Elsevier

Clinical Immunology

Volume 129, Issue 2, November 2008, Pages 219-229
Clinical Immunology

Differential impairment of regulatory T cells rather than effector T cells by paclitaxel-based chemotherapy

https://doi.org/10.1016/j.clim.2008.07.013Get rights and content

Abstract

Characterized as a mitotic inhibitor, paclitaxel has gained importance as a promising agent for the treatment of advanced non-small cell lung cancer (NSCLC). However, whether paclitaxel has immune modulatory effects remains unclear. In this study, we analyzed 55 peripheral blood samples from NSCLC patients who underwent paclitaxel-based chemotherapy. We found that among the lymphocyte subsets, paclitaxel selectively decreased the size of the regulatory T cell (Treg) population rather than other subsets including effector T cells (Teff). Apoptosis by upregulating the expression of the cell death receptor Fas (CD95) contributed to the reduced cell number of Treg. Importantly, the inhibitory function of Treg was significantly impaired, while the production of Th1 cytokines IFN-γ and IL-2 and the expression of the activation marker CD44 among CD4+ and CD8+ T cells were augmented after paclitaxel treatment. These results strongly demonstrated that paclitaxel-based chemotherapy played important roles in modulating immune responses.

Introduction

The antineoplastic agent paclitaxel (Taxol) belongs to the family of taxanes [1], and is effective and widely used against a broad range of cancers [2]. Paclitaxel exhibits its tumoricidal activity chiefly by disturbing microtubule dynamics and inducing apoptosis in a Fas/Fas ligand-dependent manner [3], [4]. In several murine models, administrated alone or in combination with doxorubicin and/or cyclophosphamide, paclitaxel could enhance the antitumor response of cancer vaccines or other tumor immunotherapies [5], [6], [7].

Regulatory T cells (Treg), a subpopulation comprising 3%–5% of CD4+ T cells has been identified both in murine models [8], [9] and in humans [10], [11], [12]. The nuclear transcription factor fork-head box P3 (Foxp3), which is crucial to the development and regulatory functions of Treg [13], serves as its unique marker.
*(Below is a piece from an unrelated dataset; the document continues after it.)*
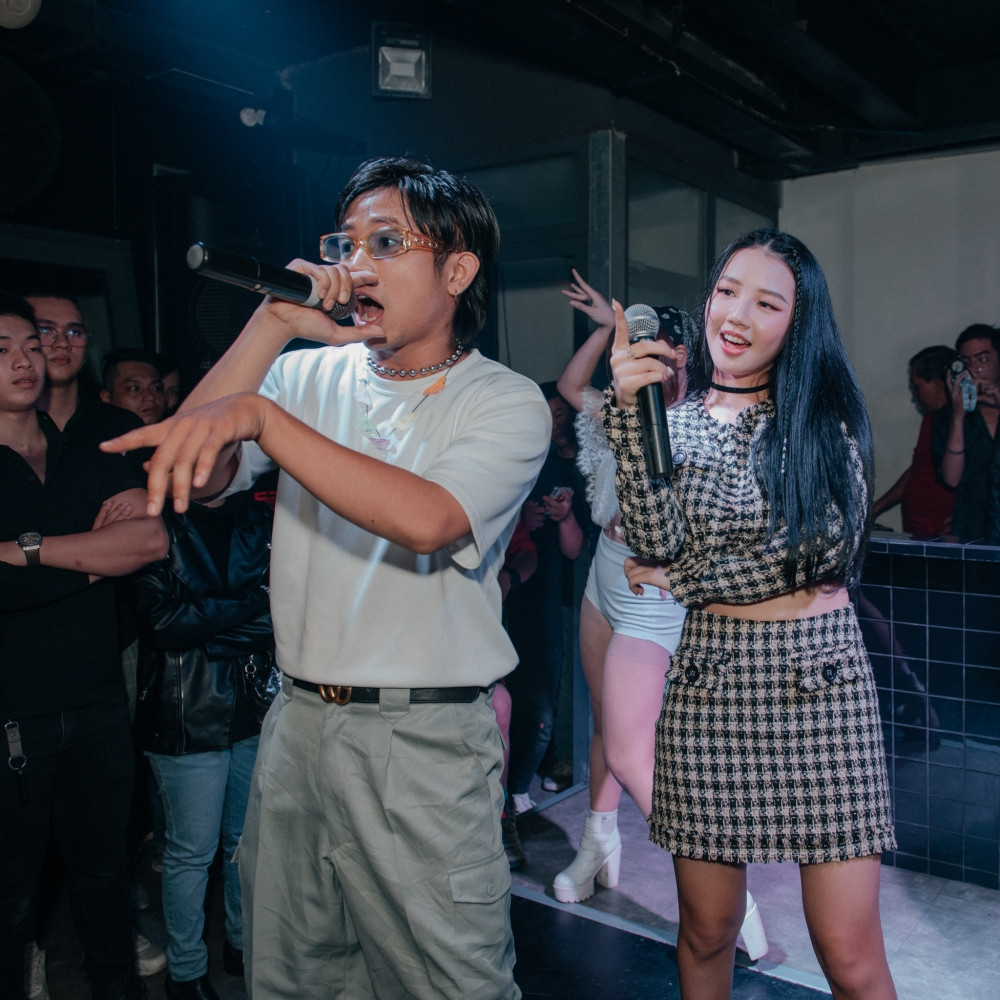 Cặp đôi “gà bông” Han Sara - Tùng Maru song ca cực ngọt, “tình bể bình” trên sân khấu ảnh 7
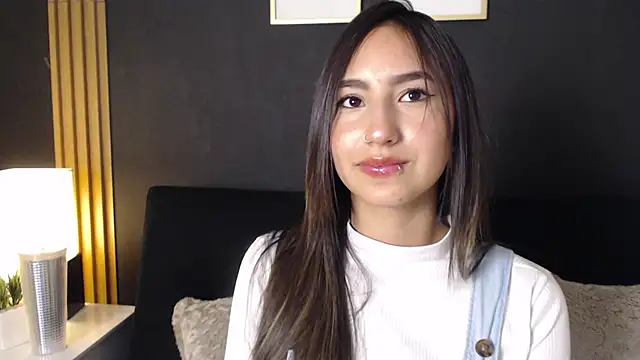 Snapshot of _Emma_Valka chatting on December 4, 8:07 pm  Emma Valka online show from December 4, 8:07 pm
Treg is capable of mediating peripheral tolerance to self-antigens [14], which is a pivotal mechanism of defense against autoimmunity [9], [15]. Since tumors are of intrinsic (self) origin, Treg also inhibits antitumor immunity by suppressing tumor-specific effector T cell, and functions through cell–cell contact [12] and/or production of cytokines such as IL-10 or TGF-β [16], [17]. Thus, the presence of Treg could inhibit effective tumor eradication by the immune system. In a number of human malignancies, circulating and tumor-infiltrating Treg had been shown to be elevated [18], [19], [20], [21], [22], [23], [24].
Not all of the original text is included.